Source material:
'''

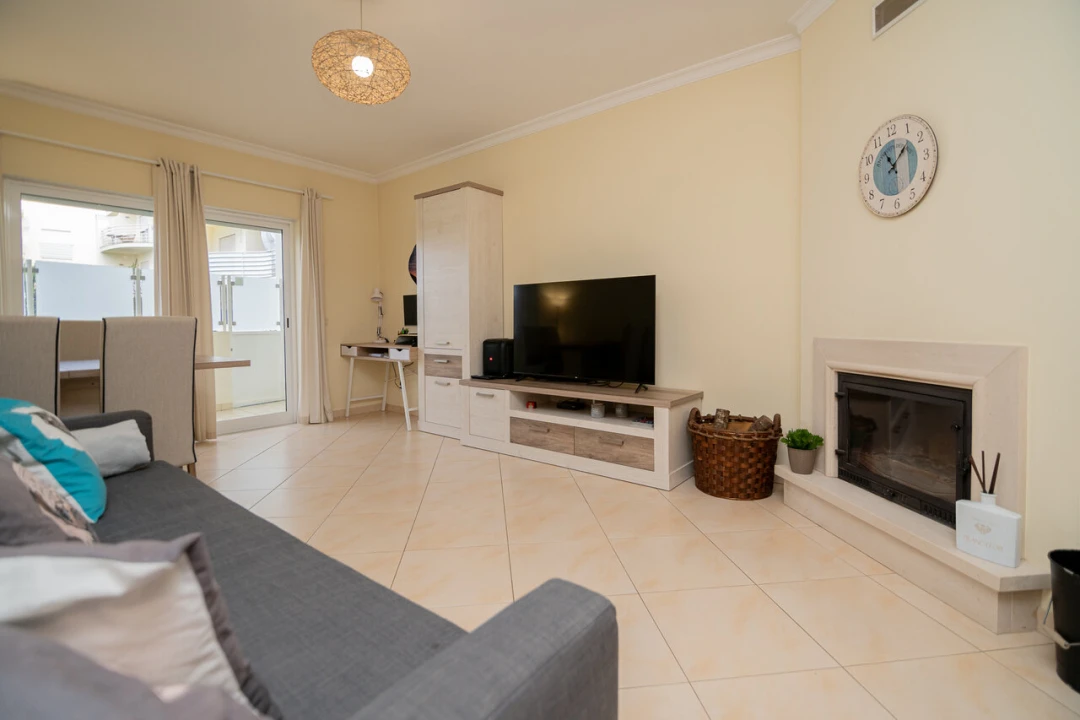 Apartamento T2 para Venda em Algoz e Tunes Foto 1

'''
'''

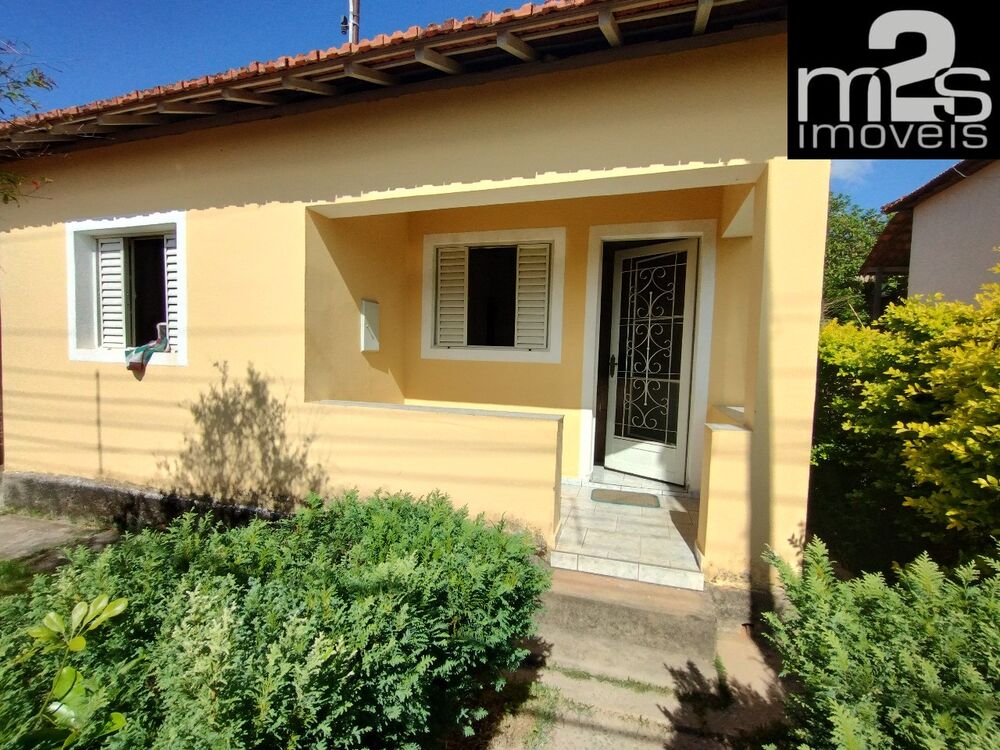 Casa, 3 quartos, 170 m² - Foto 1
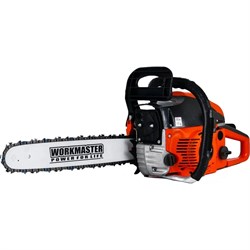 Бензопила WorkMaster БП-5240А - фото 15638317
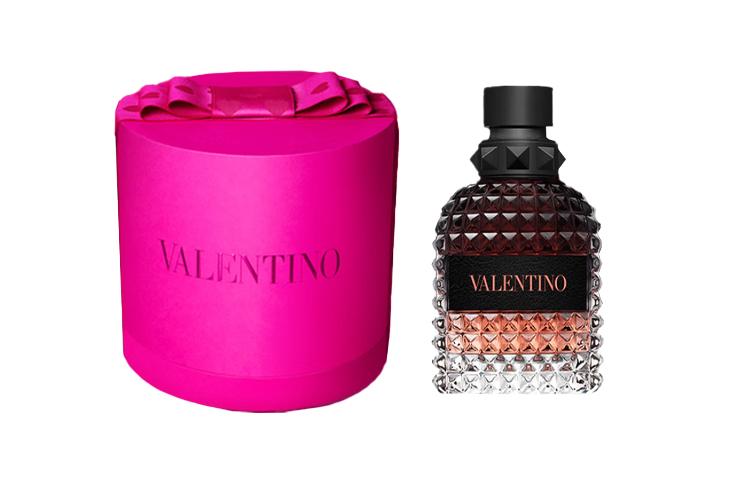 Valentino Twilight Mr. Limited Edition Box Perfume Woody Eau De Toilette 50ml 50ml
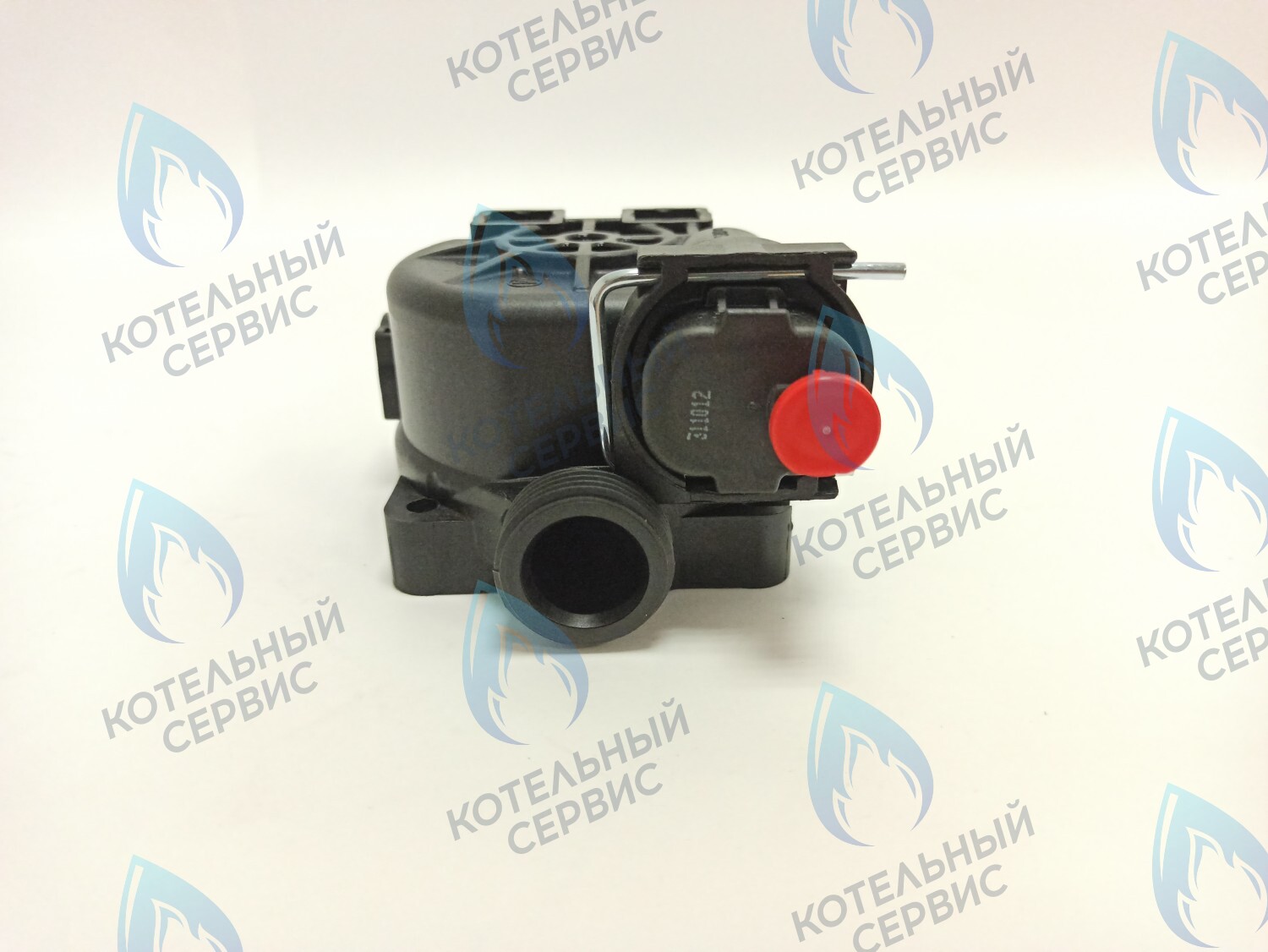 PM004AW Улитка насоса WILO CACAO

'''
'''

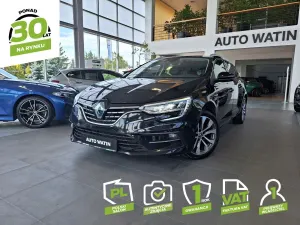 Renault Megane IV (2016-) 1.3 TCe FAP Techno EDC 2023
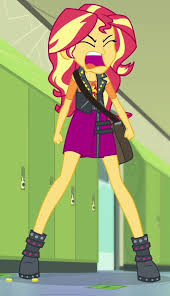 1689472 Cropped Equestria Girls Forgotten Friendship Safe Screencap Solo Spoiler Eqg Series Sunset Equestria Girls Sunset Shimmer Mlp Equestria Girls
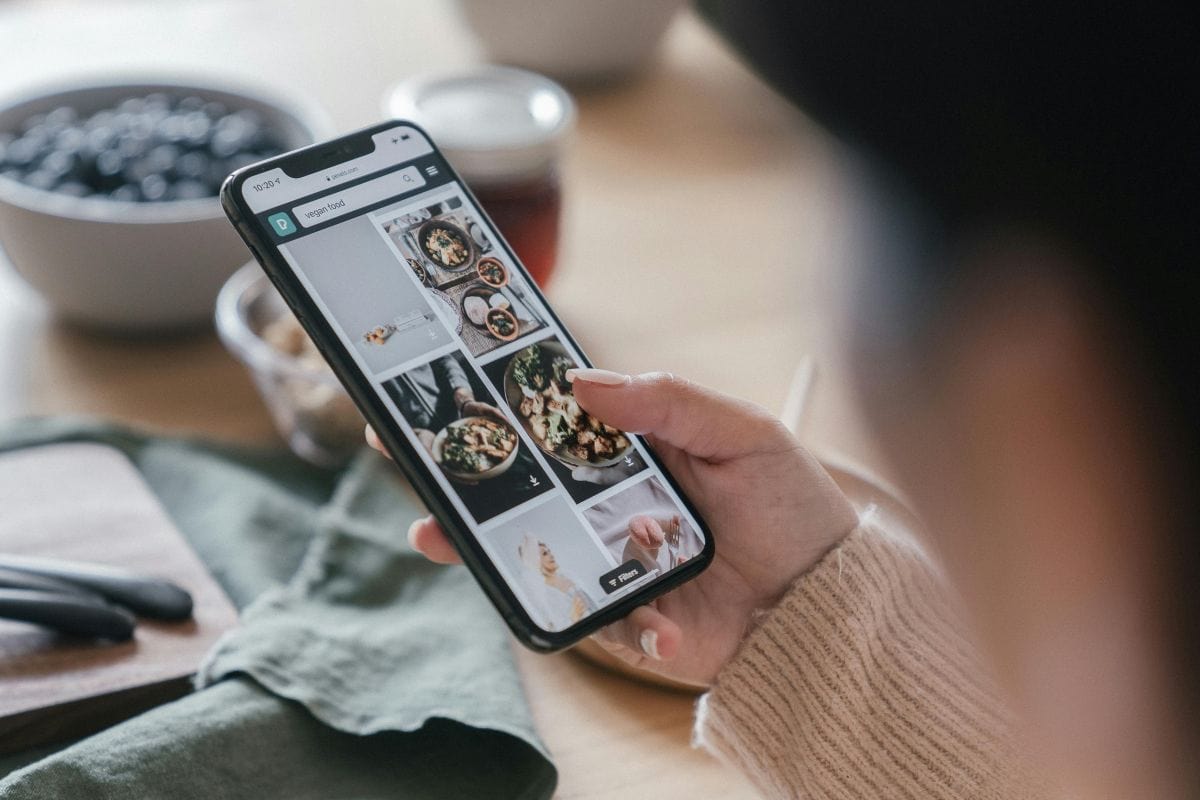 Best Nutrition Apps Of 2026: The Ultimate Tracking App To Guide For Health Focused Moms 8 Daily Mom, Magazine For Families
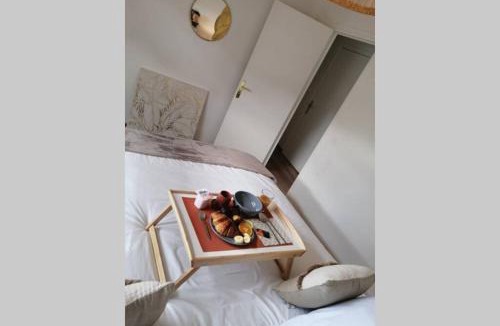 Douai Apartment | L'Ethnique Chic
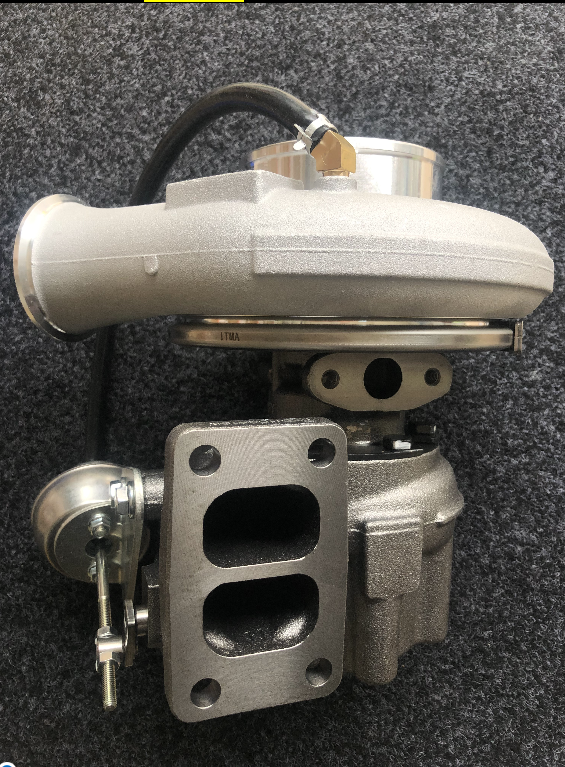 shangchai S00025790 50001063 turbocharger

'''

Task description:
Word for word, retype the lines in the entries above that run from the one with "Casa, 3 quartos, 170 m² - Foto 1" through the one with "PM004AW Улитка насоса WILO CACAO". Both ends count; pictures do not.

Solution for this task:
 Casa, 3 quartos, 170 m² - Foto 1
 Бензопила WorkMaster БП-5240А - фото 15638317
 Valentino Twilight Mr. Limited Edition Box Perfume Woody Eau De Toilette 50ml 50ml
 PM004AW Улитка насоса WILO CACAO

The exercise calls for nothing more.